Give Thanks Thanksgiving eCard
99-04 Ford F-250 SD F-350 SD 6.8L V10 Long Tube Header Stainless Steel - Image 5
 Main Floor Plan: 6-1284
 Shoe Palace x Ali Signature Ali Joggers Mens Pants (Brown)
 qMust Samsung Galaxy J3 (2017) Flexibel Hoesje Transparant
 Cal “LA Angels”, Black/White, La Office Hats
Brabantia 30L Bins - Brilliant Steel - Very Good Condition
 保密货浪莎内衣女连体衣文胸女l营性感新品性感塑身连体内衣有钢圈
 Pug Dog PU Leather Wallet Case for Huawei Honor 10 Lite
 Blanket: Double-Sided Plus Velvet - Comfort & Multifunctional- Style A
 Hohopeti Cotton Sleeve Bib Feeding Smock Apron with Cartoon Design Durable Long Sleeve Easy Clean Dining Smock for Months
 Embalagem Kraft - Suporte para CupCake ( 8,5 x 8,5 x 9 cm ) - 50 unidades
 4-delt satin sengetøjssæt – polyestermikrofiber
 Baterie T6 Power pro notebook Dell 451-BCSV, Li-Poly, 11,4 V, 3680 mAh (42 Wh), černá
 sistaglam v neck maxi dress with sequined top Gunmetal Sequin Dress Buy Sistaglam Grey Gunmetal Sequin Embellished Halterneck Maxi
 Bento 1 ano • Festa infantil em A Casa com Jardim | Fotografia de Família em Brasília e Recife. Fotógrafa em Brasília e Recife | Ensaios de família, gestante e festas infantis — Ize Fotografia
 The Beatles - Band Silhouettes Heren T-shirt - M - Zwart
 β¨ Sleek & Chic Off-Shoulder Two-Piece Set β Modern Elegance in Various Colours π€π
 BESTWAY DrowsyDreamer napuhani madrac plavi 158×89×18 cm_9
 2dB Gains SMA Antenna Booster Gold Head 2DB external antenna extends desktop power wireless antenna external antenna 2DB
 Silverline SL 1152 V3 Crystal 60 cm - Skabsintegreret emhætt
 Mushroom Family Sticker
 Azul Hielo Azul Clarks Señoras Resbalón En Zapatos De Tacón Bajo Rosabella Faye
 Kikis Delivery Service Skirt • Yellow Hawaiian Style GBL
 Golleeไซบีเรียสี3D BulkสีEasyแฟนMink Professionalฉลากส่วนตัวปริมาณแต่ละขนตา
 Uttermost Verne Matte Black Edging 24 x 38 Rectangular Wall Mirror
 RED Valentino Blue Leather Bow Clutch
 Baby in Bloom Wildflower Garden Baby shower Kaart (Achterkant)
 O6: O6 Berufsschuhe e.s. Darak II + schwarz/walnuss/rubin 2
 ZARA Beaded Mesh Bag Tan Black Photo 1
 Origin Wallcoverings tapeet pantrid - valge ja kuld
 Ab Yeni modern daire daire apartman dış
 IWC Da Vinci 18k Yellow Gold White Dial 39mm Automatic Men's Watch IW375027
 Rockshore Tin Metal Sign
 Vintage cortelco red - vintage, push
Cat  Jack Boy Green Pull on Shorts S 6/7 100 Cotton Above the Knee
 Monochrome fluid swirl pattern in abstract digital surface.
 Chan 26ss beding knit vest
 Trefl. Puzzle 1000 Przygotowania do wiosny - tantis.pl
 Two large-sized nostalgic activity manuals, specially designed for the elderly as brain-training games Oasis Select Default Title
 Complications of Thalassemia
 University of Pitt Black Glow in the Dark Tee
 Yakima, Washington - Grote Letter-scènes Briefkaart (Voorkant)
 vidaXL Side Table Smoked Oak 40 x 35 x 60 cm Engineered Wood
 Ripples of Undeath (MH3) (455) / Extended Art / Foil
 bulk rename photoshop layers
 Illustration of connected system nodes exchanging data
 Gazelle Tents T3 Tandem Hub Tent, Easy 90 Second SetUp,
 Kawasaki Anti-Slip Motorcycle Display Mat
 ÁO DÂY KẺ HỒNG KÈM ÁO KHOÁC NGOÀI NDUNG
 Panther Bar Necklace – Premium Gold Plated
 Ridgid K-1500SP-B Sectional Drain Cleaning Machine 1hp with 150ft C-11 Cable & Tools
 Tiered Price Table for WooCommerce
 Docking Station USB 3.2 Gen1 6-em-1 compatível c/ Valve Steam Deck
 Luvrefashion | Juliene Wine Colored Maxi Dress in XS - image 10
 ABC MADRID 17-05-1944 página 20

----

**Problem requirements**
To answer, state the number of lines in the records holding the string "Style", and leave out everything else.

**Reply**
2